In June, first-grade teacher Faith Thompson, a 2019 graduate of George Mason University’s Transformative Teaching Program, put out a call on her Facebook page for help buying books that promote diversity, inclusion, tolerance and anti-racism. Thompson hoped she would get enough money to provide each teacher in her Manassas, Virginia, elementary school with one book to help facilitate conversations around these issues.
“I wanted to encourage teachers to have intentional and explicit conversations with their students about tolerance, acceptance and bias,” said Thompson, who teaches at Yorkshire Elementary School. “I thought that one way to encourage teachers to have these discussions was by providing them with books to help them.”
So far, Thompson has received dozens of books and almost $2,000 to help her campaign. Thanks to the donations she’s received, Thompson said she can provide books to teachers in an increasing number of elementary schools.
In her Facebook post, Thompson listed the books she thought would be particularly helpful to teachers, such as “It’s Okay to be Different” by Todd Parr, “The Skin You Live In” by Michael Tyler and “New Kid” by Jerry Craft. Thompson said she believes teachers can use these books to help their students learn to speak up for themselves and advocate for others.

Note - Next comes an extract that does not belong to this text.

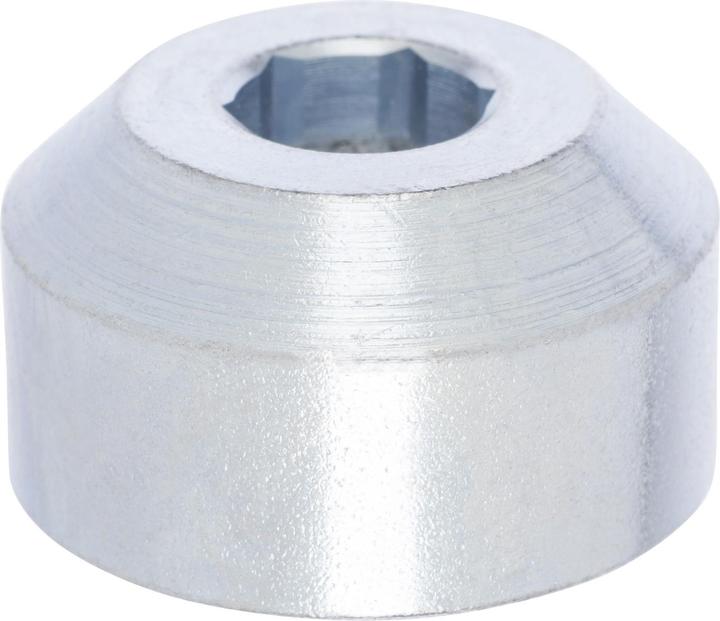 Actual product image Bosch Professional Zubehör Clamping part sets for Bosch angle grinders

“The issues of prejudice, bias and racism are not going away, so as a teacher, I feel I have a duty to help the next generation and help promote change,” Thompson said.
Mason’s Transformative Teaching Program, which offers an online master’s degree in education, has a “anti-racist curriculum that supports teachers to be empowered advocates for equity in schools,” said Elizabeth DeMulder, professor and academic transformative teaching program coordinator. The program is run through the College of Education and Human Development.
Through the program, “teachers are supported to examine and address structural inequities in their classrooms and schools,” said Assistant Professor Stacia Stribling. “The program emphasizes teacher leadership and engagement in policy, helping teachers to develop the skills to use their voices for social change.”
Associate Professor Jenice View said that Thompson is a “great example of a transformative anti-racist teacher leader.”
“She saw a problem, developed a plan and implemented the plan,” View said. “We are very excited for her and enthusiastic that she has taken the work we did in the program and felt empowered by it to make substantive material change in the classrooms of her colleagues.”
Thompson said she was overwhelmed by how quickly she began receiving financial donations after initially posting on Facebook. In addition, after CBS This Morning profiled her efforts, books started flooding into a mailing address she’s posted. Thompson said she hasn’t quite figured out how she will deliver the books to local teachers during the pandemic, but that she will find a way, even if it means driving to homes to drop off books.
“I’ll make it happen,” Thompson said.